Lab Guide: Real Time Operating System

The RTOS API is fully documented is os.h, so I won’t cover it.  For now this page will stick to the internals in os.c that will be useful to understand when you implement your RTOS in project 3.

The central feature of every RTOS is its task scheduler.  The scheduler is what makes the RTOS real-time.  As such, the RTOS we use (which I refer to as “the RTOS” in this page) is pared down to the point where it’s really only a glorified scheduler, but it’s still useful as an illustrative tool.  When we create a project with the RTOS we define a series of tasks that are given different priorities–system, periodic, and round-robin–as described in os.h.  Each task has its own stack, and statically allocated memory can be shared without restriction.  A separate RTOS kernel uses the global stack.  The memory layout looks something like this (address 0x0000 corresponds to the bottom of the diagram):

Image of memory layout in the RTOS.
Memory layout in the RTOS

N.b. the six task workspaces shown are part of the .bss segment of memory (there might be other .bss stuff above the workspaces).  As always, we turn up our noses at dynamic memory allocation on the heap.

Entering and Exiting the Kernel

The kernel is entered by performing a context switch from the currently-running task’s execution context into the kernel’s execution context.  This happens under two circumstances.  First, the RTOS timer ticks every 5 ms and when it ticks it jumps into the kernel and decides which task should be run.  Second, most of the API calls function by setting a kernel request and switching into the kernel to process the request.

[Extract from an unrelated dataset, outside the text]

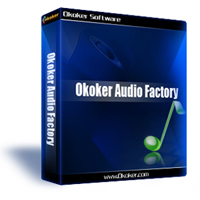 Okoker Audio Factory 7.1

The kernel is switched to from API calls and back using the enter_kernel and exit_kernel functions.  If you look at those function signatures at the top of the os.c file you’ll notice that they’re declared with the attributes noinline and naked.  The noinline attribute indicates to the compiler that it should always call the function using the call instruction instead of inserting it inline with the caller.  The naked attribute tells the compiler not to insert implicit prologue and epilogue code into the function’s assembly code.  An example of prologue code is at the beginning of an ISR, when the MCU context (status register, general purpose registers, etc.) is automatically pushed to the stack; the ret and reti return instructions are examples of epilogue code.

The enter_kernel function operates like this:

  1. Push the current task’s context onto its stack
  2. Save the SP register–that is, the current task’s stack pointer–in the current task descriptor
  3. Load the kernel stack pointer from the kernel_sp variable into the SP register
  4. Pop the kernel’s context from the kernel stack
  5. Generate a ret instruction (since the function is naked) to return into the kernel main loop.

The exit_kernel function is pretty much the reverse:

  1. Push the kernel context back onto the kernel stack
  2. Save the SP register to the kernel_sp variable
  3. Load the stack pointer from the currently-selected task into the SP register.  The currently-selected task is the caller task if the kernel was entered via an API call, or perhaps a new task that was selected by the scheduler if the kernel was entered via the tick interrupt (or the Task_Next API call)
  4. Pop the selected task’s context from its stack
  5. Generate a ret instruction to return into the task.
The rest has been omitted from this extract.